● **The problem**
Nothing in the records should change; write them all out exactly.
·····
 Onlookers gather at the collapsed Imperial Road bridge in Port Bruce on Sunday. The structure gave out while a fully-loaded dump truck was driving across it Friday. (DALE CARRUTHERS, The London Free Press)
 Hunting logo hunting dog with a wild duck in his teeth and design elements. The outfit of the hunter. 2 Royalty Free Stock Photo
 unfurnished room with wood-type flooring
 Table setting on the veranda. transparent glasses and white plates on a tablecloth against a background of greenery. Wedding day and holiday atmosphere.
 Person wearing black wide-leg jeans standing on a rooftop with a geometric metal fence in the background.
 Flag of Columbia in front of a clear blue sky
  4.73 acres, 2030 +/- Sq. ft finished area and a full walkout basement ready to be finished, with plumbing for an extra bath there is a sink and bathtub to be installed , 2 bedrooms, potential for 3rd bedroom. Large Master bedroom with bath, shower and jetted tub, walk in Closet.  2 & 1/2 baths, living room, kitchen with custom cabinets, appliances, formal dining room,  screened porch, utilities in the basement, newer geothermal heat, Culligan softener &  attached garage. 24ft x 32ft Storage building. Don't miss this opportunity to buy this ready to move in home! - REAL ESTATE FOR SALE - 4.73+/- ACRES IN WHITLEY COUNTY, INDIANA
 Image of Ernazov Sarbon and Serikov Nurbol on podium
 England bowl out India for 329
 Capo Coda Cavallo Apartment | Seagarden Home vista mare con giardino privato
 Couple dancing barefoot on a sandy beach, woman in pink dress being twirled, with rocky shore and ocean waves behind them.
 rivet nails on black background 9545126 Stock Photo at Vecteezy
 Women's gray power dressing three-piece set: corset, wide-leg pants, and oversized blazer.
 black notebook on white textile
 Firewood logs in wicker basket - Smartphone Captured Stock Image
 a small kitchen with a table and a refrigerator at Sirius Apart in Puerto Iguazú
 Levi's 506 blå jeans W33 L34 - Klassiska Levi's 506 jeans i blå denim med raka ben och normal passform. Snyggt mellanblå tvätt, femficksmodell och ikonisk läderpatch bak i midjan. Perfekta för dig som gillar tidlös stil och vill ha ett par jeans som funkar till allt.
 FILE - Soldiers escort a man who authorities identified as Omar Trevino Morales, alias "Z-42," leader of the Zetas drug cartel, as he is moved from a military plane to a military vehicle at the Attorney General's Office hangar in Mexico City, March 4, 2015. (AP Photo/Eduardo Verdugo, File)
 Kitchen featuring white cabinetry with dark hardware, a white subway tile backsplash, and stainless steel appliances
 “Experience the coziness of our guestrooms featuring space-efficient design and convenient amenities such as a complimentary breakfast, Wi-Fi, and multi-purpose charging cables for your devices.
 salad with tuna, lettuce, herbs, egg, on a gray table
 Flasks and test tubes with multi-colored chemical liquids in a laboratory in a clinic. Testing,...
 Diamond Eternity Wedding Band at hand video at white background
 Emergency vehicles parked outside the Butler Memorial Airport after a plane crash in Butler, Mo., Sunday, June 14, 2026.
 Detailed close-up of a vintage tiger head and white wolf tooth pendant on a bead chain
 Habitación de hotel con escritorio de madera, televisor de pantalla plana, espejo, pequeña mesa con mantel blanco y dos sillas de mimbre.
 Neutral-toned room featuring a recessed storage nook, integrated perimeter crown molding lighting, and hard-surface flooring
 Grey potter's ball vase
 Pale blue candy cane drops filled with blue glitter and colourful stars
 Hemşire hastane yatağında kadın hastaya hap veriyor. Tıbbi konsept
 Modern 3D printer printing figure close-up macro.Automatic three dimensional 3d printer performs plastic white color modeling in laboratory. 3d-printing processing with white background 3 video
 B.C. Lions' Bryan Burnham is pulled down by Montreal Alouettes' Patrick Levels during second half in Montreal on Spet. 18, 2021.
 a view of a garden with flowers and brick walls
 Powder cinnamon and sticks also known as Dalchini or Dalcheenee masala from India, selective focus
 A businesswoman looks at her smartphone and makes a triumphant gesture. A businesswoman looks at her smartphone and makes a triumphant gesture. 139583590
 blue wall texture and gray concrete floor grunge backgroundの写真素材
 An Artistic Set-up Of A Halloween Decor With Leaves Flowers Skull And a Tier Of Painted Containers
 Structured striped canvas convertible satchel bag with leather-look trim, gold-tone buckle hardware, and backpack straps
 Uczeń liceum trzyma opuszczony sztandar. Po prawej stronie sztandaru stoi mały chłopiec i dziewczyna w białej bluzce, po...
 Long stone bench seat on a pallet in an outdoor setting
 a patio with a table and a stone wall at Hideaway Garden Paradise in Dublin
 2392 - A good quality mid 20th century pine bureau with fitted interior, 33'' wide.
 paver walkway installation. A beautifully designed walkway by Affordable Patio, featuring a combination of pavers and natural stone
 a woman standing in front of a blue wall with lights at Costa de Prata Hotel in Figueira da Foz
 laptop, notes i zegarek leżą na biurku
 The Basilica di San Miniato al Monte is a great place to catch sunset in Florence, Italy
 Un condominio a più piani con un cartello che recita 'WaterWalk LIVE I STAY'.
·····
● **Solution**
 Onlookers gather at the collapsed Imperial Road bridge in Port Bruce on Sunday. The structure gave out while a fully-loaded dump truck was driving across it Friday. (DALE CARRUTHERS, The London Free Press)
 Hunting logo hunting dog with a wild duck in his teeth and design elements. The outfit of the hunter. 2 Royalty Free Stock Photo
 unfurnished room with wood-type flooring
 Table setting on the veranda. transparent glasses and white plates on a tablecloth against a background of greenery. Wedding day and holiday atmosphere.
 Person wearing black wide-leg jeans standing on a rooftop with a geometric metal fence in the background.
 Flag of Columbia in front of a clear blue sky
  4.73 acres, 2030 +/- Sq. ft finished area and a full walkout basement ready to be finished, with plumbing for an extra bath there is a sink and bathtub to be installed , 2 bedrooms, potential for 3rd bedroom. Large Master bedroom with bath, shower and jetted tub, walk in Closet.  2 & 1/2 baths, living room, kitchen with custom cabinets, appliances, formal dining room,  screened porch, utilities in the basement, newer geothermal heat, Culligan softener &  attached garage. 24ft x 32ft Storage building. Don't miss this opportunity to buy this ready to move in home! - REAL ESTATE FOR SALE - 4.73+/- ACRES IN WHITLEY COUNTY, INDIANA
 Image of Ernazov Sarbon and Serikov Nurbol on podium
 England bowl out India for 329
 Capo Coda Cavallo Apartment | Seagarden Home vista mare con giardino privato
 Couple dancing barefoot on a sandy beach, woman in pink dress being twirled, with rocky shore and ocean waves behind them.
 rivet nails on black background 9545126 Stock Photo at Vecteezy
 Women's gray power dressing three-piece set: corset, wide-leg pants, and oversized blazer.
 black notebook on white textile
 Firewood logs in wicker basket - Smartphone Captured Stock Image
 a small kitchen with a table and a refrigerator at Sirius Apart in Puerto Iguazú
 Levi's 506 blå jeans W33 L34 - Klassiska Levi's 506 jeans i blå denim med raka ben och normal passform. Snyggt mellanblå tvätt, femficksmodell och ikonisk läderpatch bak i midjan. Perfekta för dig som gillar tidlös stil och vill ha ett par jeans som funkar till allt.
 FILE - Soldiers escort a man who authorities identified as Omar Trevino Morales, alias "Z-42," leader of the Zetas drug cartel, as he is moved from a military plane to a military vehicle at the Attorney General's Office hangar in Mexico City, March 4, 2015. (AP Photo/Eduardo Verdugo, File)
 Kitchen featuring white cabinetry with dark hardware, a white subway tile backsplash, and stainless steel appliances
 “Experience the coziness of our guestrooms featuring space-efficient design and convenient amenities such as a complimentary breakfast, Wi-Fi, and multi-purpose charging cables for your devices.
 salad with tuna, lettuce, herbs, egg, on a gray table
 Flasks and test tubes with multi-colored chemical liquids in a laboratory in a clinic. Testing,...
 Diamond Eternity Wedding Band at hand video at white background
 Emergency vehicles parked outside the Butler Memorial Airport after a plane crash in Butler, Mo., Sunday, June 14, 2026.
 Detailed close-up of a vintage tiger head and white wolf tooth pendant on a bead chain
 Habitación de hotel con escritorio de madera, televisor de pantalla plana, espejo, pequeña mesa con mantel blanco y dos sillas de mimbre.
 Neutral-toned room featuring a recessed storage nook, integrated perimeter crown molding lighting, and hard-surface flooring
 Grey potter's ball vase
 Pale blue candy cane drops filled with blue glitter and colourful stars
 Hemşire hastane yatağında kadın hastaya hap veriyor. Tıbbi konsept
 Modern 3D printer printing figure close-up macro.Automatic three dimensional 3d printer performs plastic white color modeling in laboratory. 3d-printing processing with white background 3 video
 B.C. Lions' Bryan Burnham is pulled down by Montreal Alouettes' Patrick Levels during second half in Montreal on Spet. 18, 2021.
 a view of a garden with flowers and brick walls
 Powder cinnamon and sticks also known as Dalchini or Dalcheenee masala from India, selective focus
 A businesswoman looks at her smartphone and makes a triumphant gesture. A businesswoman looks at her smartphone and makes a triumphant gesture. 139583590
 blue wall texture and gray concrete floor grunge backgroundの写真素材
 An Artistic Set-up Of A Halloween Decor With Leaves Flowers Skull And a Tier Of Painted Containers
 Structured striped canvas convertible satchel bag with leather-look trim, gold-tone buckle hardware, and backpack straps
 Uczeń liceum trzyma opuszczony sztandar. Po prawej stronie sztandaru stoi mały chłopiec i dziewczyna w białej bluzce, po...
 Long stone bench seat on a pallet in an outdoor setting
 a patio with a table and a stone wall at Hideaway Garden Paradise in Dublin
 2392 - A good quality mid 20th century pine bureau with fitted interior, 33'' wide.
 paver walkway installation. A beautifully designed walkway by Affordable Patio, featuring a combination of pavers and natural stone
 a woman standing in front of a blue wall with lights at Costa de Prata Hotel in Figueira da Foz
 laptop, notes i zegarek leżą na biurku
 The Basilica di San Miniato al Monte is a great place to catch sunset in Florence, Italy
 Un condominio a più piani con un cartello che recita 'WaterWalk LIVE I STAY'.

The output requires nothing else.